- **EXERCISE REQUIREMENTS**
All of the data below is to be repeated exactly, except for the pictures.

- **PROVIDED MATERIAL**
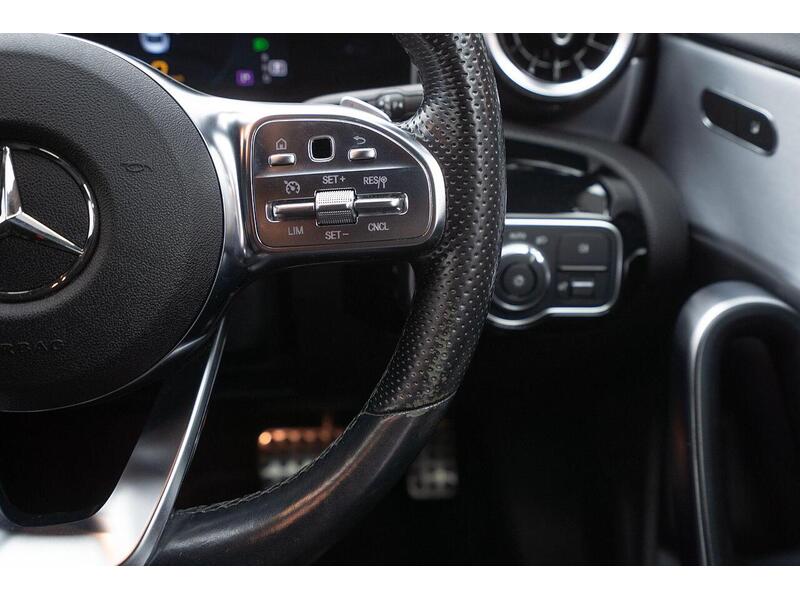 Mercedes-Benz CLA 1.3 CLA200 AMG Line Coupe 7G-DCT Euro 6 (s/s) 4dr - U1487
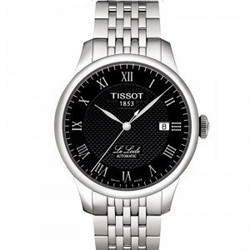 TISSOT 天梭 力洛克系列 T41.1.483.53 机械男表 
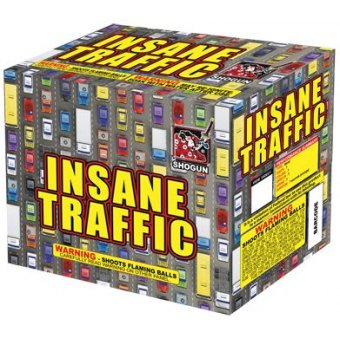 Load image into Gallery viewer, Insane Traffic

- **ANSWER SECTION**
 Mercedes-Benz CLA 1.3 CLA200 AMG Line Coupe 7G-DCT Euro 6 (s/s) 4dr - U1487
 TISSOT 天梭 力洛克系列 T41.1.483.53 机械男表 
 Load image into Gallery viewer, Insane Traffic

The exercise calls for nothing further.